Manon Galy est de retour dans sa ville natale ! Pour la troisième date de la saison organisée par l'association toulousaine Les Arts Renaissants, la violoniste, révélation soliste instrumental des Victoires la musique classique 2022, était invitée avec son Trio Zeliha pour un programme romantique jouant sur les contrastes, avec à l'affiche Franz Schubert et Johannes Brahms.

Le Trio Zeliha dans l'Auditorium Saint-Pierre des Cuisines © Monique Boutolleau / Les Arts Renaissants
Le Trio Zeliha dans l'Auditorium Saint-Pierre des Cuisines
© Monique Boutolleau / Les Arts Renaissants

Après avoir présenté brièvement les œuvres et exprimé son enthousiasme à l'idée de jouer à Toulouse à nouveau – et plus particulièrement dans l’auditorium Saint-Pierre des Cuisines, lieu phare de la musique de chambre dans la Ville rose –, Manon Galy se lance dans un Trio opus 100 de Schubert durant lequel l’équilibre restera perfectible. Côté cordes frottées, glissandos et vibrato sont très contrôlés et discrets, alors que le piano de Jorge González Buajasán a tendance à régulièrement prendre le pas sur les deux autres instruments dans l’ensemble des mouvements. Les thèmes sont bien articulés au piano mais très effleurés au violon. Si les motifs principaux et les passages forte s’affirment avec éloquence et si le trio affiche une incroyable justesse, notamment lors des sauts d’octaves en tutti, le violon de Manon Galy disparaît lorsqu’il passe en pizzicati ou en accompagnement. L’Andante bien connu ne donne pas place à une surinterprétation romantique, avec par exemple quasiment aucun rallentando. À l’image du staccato du dernier mouvement, parfaitement millimétré, ce trio de Schubert est donné avec application et sans pathos.

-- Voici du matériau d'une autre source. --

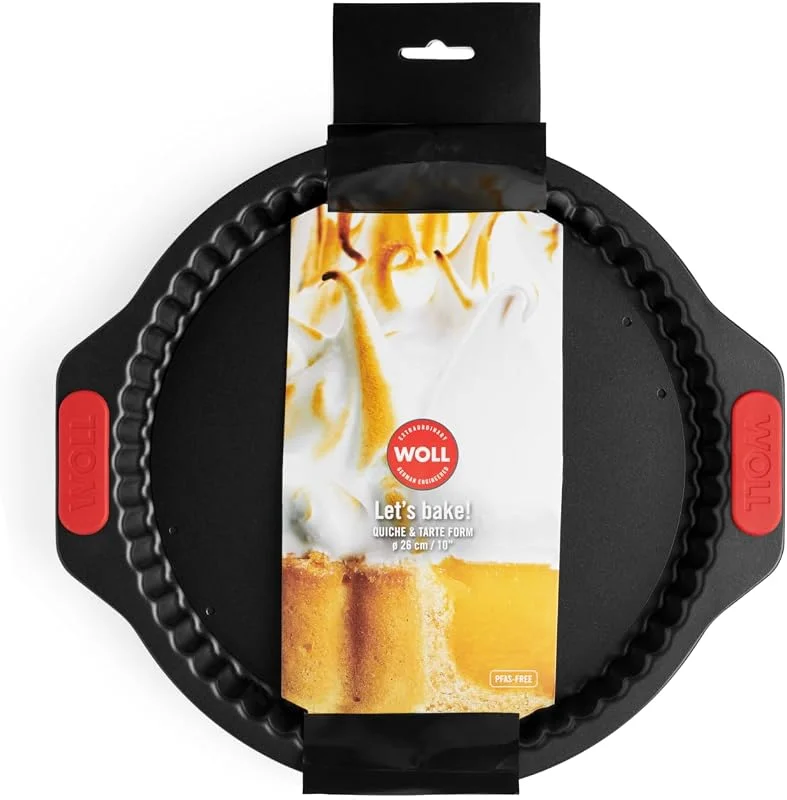 Woll Bakeware Quiche- und Tarteform Ø 26 cm, mit herausnehmbarem Boden und hitzebeständigen Silikongriffen bis 230°C, PFAS-frei, zweilagige Antihaftbeschichtung, aluminisierter Stahl, schwarz — Weihnachtskueche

La seconde partie se fait attendre... Manon Galy indiquera que le trio pensait avoir droit un entracte alors que ce dernier n'était pas prévu par l’organisation ! Arrive alors le Premier Trio opus 8 de Brahms dans sa première version – le compositeur reprendra de fond en comble, quasiment 40 ans plus tard, ce trio qui ne semblait pas lui convenir. On gagne davantage en vibrato et en liberté sur les tempos, quitte à perdre – mais très rarement – un peu de justesse. La violoniste s’affirme davantage sur les forte, notamment face au piano, donnant un ensemble plus engagé et équilibré. On est désormais à l’autre bout du romantisme, beaucoup plus cinglant et cyclothymique. D’une belle énergie, le violoncelliste Maxime Quennesson continue sa moisson de crins, déjà bien entamée lors de la première partie, ce alors que Jorge González Buajasán, tout en restant dans une articulation très fine des idées musicales, plonge davantage dans les couleurs et s’apparie mieux avec ses collègues. Le contraste avec la première partie est assez clair.

Loading image...
Manon Galy, Jorge González Buajasán et Maxime Quennesson
© Monique Boutolleau / Les Arts Renaissants

Les bis élargiront les perspectives stylistiques et historiques avec tout d’abord le finale du Trio opus 39 de Joseph Haydn. Ce « Gypsy Rondo » reste très mesuré à nouveau sur l’interprétation : il est exécuté avec minutie, mais sans lourdeur et sans couleur caractéristique d’une quelconque musique populaire tzigane. Seuls les accords plaqués en tutti rappellent discrètement les sonorités lointaines du cymbalum. Devant un public conquis, le trio enchaine avec le prélude des Cinq Pièces pour deux violons et piano de Dimitri Chostakovitch, ici pour violon, « gros violon » et piano, comme l’indique non sans humour Maxime Quennesson. Le rendu est original et convaincant, bien que moins équilibré que dans la version d’origine. Si Haydn a semblé répondre à Schubert, avec une expressivité très contenue et mesurée, cette lecture de Chostakovitch a rappelé Brahms dans l’amplitude des nuances et un pathos romantique plus développé.